Question

A uniform bar AB of mass $m$ and a ball of the same mass are released from rest from the same horizontal position. The bar hinged at end A. There is gravity downwards. What is the distance of the point from point B that has the same acceleration as that of a ball, immediately after release.?

Answer 1

Hint: Torque is given by the equation $\tau =I\alpha$. Using this equation find the value of $\alpha$. Then use the equation $a=\alpha r$ to find the distance

Complete step by step answer:
Step 1:
Torque is given by the equation $\tau =I\alpha$. From this equation we get,
$\alpha ={\displaystyle \frac{\tau }{I}}$ …………………………...(1)
We know that moment of inertia of the rod is given as $I={\displaystyle \frac{1}{3}}m{L}^2$.
Torque can also be found by the equation $\tau =F\times r$. Here $F$ is the force due to gravity that is,$F=mg$. It acts at the centre of gravity which is at the midpoint of the rod. Hence torque will be $\tau =mg\times {\displaystyle \frac{L}{2}}$
Substituting these values in equation (1), we get
$$\begin{gathered} \Rightarrow \alpha ={\displaystyle \frac{\tau }{I}} \\ \Rightarrow \alpha ={\displaystyle \frac{mg\times {\displaystyle \frac{L}{2}}}{{\displaystyle \frac{1}{3}}m{L}^2}} \\ \Rightarrow \alpha ={\displaystyle \frac{3g}{2L}} \end{gathered}$$
Step 2:
The equation connecting the linear acceleration $a$ and angular acceleration $\alpha$ is
 $a=\alpha r$ ……………….. (2)
We want to find the point at which linear acceleration is the acceleration due to gravity since the acceleration of the ball is the acceleration due to gravity.
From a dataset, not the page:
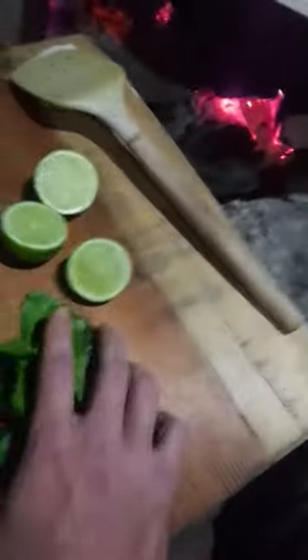Anyway in she goes, got some kaffir limes off the tree up the back, and a bit of coriander — that's from the supermarket. In she goes. And a bit of Thai basil, also from the supermarket.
Let $r$ be the distance from the hinge point at which $a$ becomes equal to $g$. Thus equation (2) becomes $g=\alpha r$.
Now rearrange this equation to find $r$. Then we get $r={\displaystyle \frac{g}{\alpha }}$
We already got the value $\alpha ={\displaystyle \frac{3g}{2L}}$ in step 1. Substitute this in the last equation. Then we get,
$$\begin{gathered} \Rightarrow r={\displaystyle \frac{g}{{\displaystyle \frac{3g}{2L}}}} \\ \Rightarrow r={\displaystyle \frac{2L}{3}} \end{gathered}$$
This is the distance from the hinge. But we need to find the distance from B. Therefore the distance from B will be $L-{\displaystyle \frac{2L}{3}}$. Hence the distance of the point from point B that has the same acceleration like that of a ball, immediately after release is ${\displaystyle \frac{L}{3}}$.

Note:
Torque is the product of force and the perpendicular distance of the line of action of the force from the axis of rotation. Here hinge acts as the axis of rotation and the line of action of the force is at the centre of gravity. For a uniform rod, the centre of gravity will be at its midpoint. Hence, we should take the perpendicular distance as half the total length of the rod.